Si mette male, cara Ipazia


Se sono quello che ha saputo pre-vedere (grazie ad una segnalazione tempestiva di alcuni mesi prima di Stefania Limiti che seppi intercettare nel web) l’elezione certa di Donald Trump (vedi NEGLI USA LA DEMOCRAZIA – A VOLTE – FA BRUTTI SCHERZI: TRUMP, EX FIDANZATO (TRA LE ALTRE) DI CARLÀ BRUNI POTREBBE ESSERE ELETTO PRESIDENTE) quando quasi tutti pensavate la “pessima” signora Clinton pronta alla vittoria, pretendo un po’ di attenzione in questa fase (manca poco, molto poco) che precede l’elezione del Capo dello Stato, questa volta nella nostra Italietta. Trump, quando fu eletto, era notorio per essere un razzista, un sessista, un mascalzone finanziario bancarottiere. Gli addetti ai lavori sapevano anche che lo stile di vita dell’avventuriero lo aveva portato a contatto stretto con ambienti internazionali “anti USA“. Per soldi e sesso il “Berlusconi” americano era stato pronto a tutto. Quando si seppe che la signora Clinton era indagata (fu James Corney, capo dell’FBI, a dare l’annuncio durante una seduta del Senato), i sostenitori di Trump uscirono allo scoperto al grido feroce perfino ritmato negli stadi “Arrestala – arrestala – sbattila in prigione“. Trump vinse e cominciò la tragedia americana che penso non si sia certo risolta con l’elezione di Biden. Questo per dire che gli USA hanno le loro gatte da pelare e che, distratti loro, da queste parti potrebbe, tra poche settimane, succedere di tutto. Anche che la linea politica neo fascista (cioè una sottile continuità con il mondo affermatosi nei lontani/vicini 1922/1933) prevalga e che, uccidendo ogni residuo concetto di convivenza, di democrazia, di separazione dei poteri, soprattutto di adesione ai principi universali di uguaglianza, di fraternità e di libertà, al Quirinale, per sette lunghissimi anni, salga un tanghero. O una tangherina. Scriveva anni addietro due righe di grande saggezza (e umanità) Enrico Deaglio: “Io penso che le reazioni ad avvenimenti così enormi (lui in quel momento si riferiva all’elezione di Trump ed io sono oggi attento alla nostra Patria ndr) varino essenzialmente con l’età. Se uno è giovane, dirà: e vabbè, passerà anche questa. Hanno la vita davanti, e possono anche pensare di rimontare un 3 a 0 accumulato nella prima mezzora. Ma il problema – per esempio per mia moglie e per me – è che noi siamo arrivati negli ultimi venti minuti della partita, e abbiamo dei dubbi sul fatto che potremmo assistere alla remuntada.
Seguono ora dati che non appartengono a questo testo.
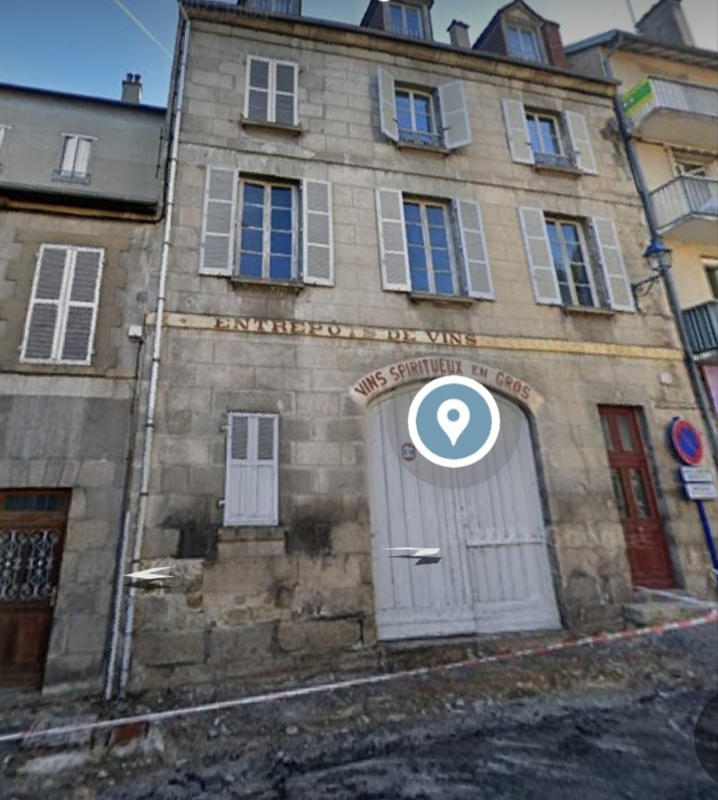 Immeuble - 6 pièces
La metafora calcistica (Deaglio deve essere un appassionato) questa volta ci sta benissimo. Se un tanghero/una tanghera andrà al Quirinale io morirò (sette anni sono un’eternità alla mia età) disperato dovendo forse cessare di amare l’Italia. Cosa si possa fare dopo che le donne e gli uomini pentastellati di “Rodotà Rodotà” sono finiti a reggere la coda ai reggitori della coda di Silvio Berlusconi, è veramente difficile perfino ipotizzarlo. Non dico realizzarlo. Gli americani hanno votato Donald Trump cioè uno che viveva in un castello simile alla villa di Scarface, il criminale. Potrebbe accadere che lo Scaface Italiano (quello è, fuori da metafora, uno come Berlusconi) venga eletto da parlamentari sostanzialmente allo sbando e senza leader? O Berlusconi e solo un ballon d’essai (si lanciavano per vedere che aria tirava) che precede la Mongolfiera che qualcuno (ma chi?) sta finendo di allestire e che tiene prudentemente ancorata fuori dalla vista del popolo italiano? Si mette male ed io sono vecchio e tardo, cara Ipazia, direbbe il poeta Mario Luzi

Oreste Grani/Leo Rugens


NEGLI USA LA DEMOCRAZIA – A VOLTE – FA BRUTTI SCHERZI: TRUMP, EX FIDANZATO (TRA LE ALTRE) DI CARLÀ BRUNI POTREBBE ESSERE ELETTO PRESIDENTE

harding

Il vecchietto/giovane (in quanto stimato ed amato da giovani) Sanders ha battuto, pochi giorni addietro, nell’Indiana, l’anziana Hillary Clinton. Trump ormai non lo ferma più nessuno e anche nell’imbarazzato (ma è proprio vero questo imbarazzo?) Partito Repubblicano, gli equilibri si stanno spostando a suo favore. Sarà uno strano novembre e il Mondo dovrà tenere il “fiato sospeso”, sia che si sfidino i “massoni” organizzati intorno ai Clinton contro i “massoni” organizzati intorno a Donald Trump, sia che, alla fine, in un imprevisto rush finale, Sanders batta, di misura, la Clinton. Situazione complessa, come da anni diciamo, sia per il popolo statunitense che per tutti noi. Vicini e lontani, come avrebbe detto Nunzio Filogamo. Dagli USA riceviamo (dal nostro corrispondente George Shi) uno ricordo di un presidente repubblicano (Warren Gamaliel Harding) eletto – inaspettatamente – nel novembre del 1920, proprio l’anno in cui fu ratificato il diciannovesimo emendamento che estendeva il suffragio femminile all’intero paese. La scheda dedicata ad Harding è troppo lunga e piena di riferimenti storici. Ve la risparmio ed elaboro io un “postino” adeguato ricordando a Shi, la prossima volta, di essere più coinciso. Questo nome (Harding) non dice niente a quasi tutti voi, se siete sinceri in questo momento. Eppure uno con questo nome, divenne Presidente degli USA, facendo leva sull’assoluto bisogno di “normalità” che in quegli anni serpeggiava in concomitanza con la confusione politica postbellica e quando molti americani si dimostrarono improvvisamente stanchi delle crociate idealistiche intraprese dal democratico Woodrow Wilson, presidente alla Casa Bianca dal gennaio del 1913 al quello del 1921.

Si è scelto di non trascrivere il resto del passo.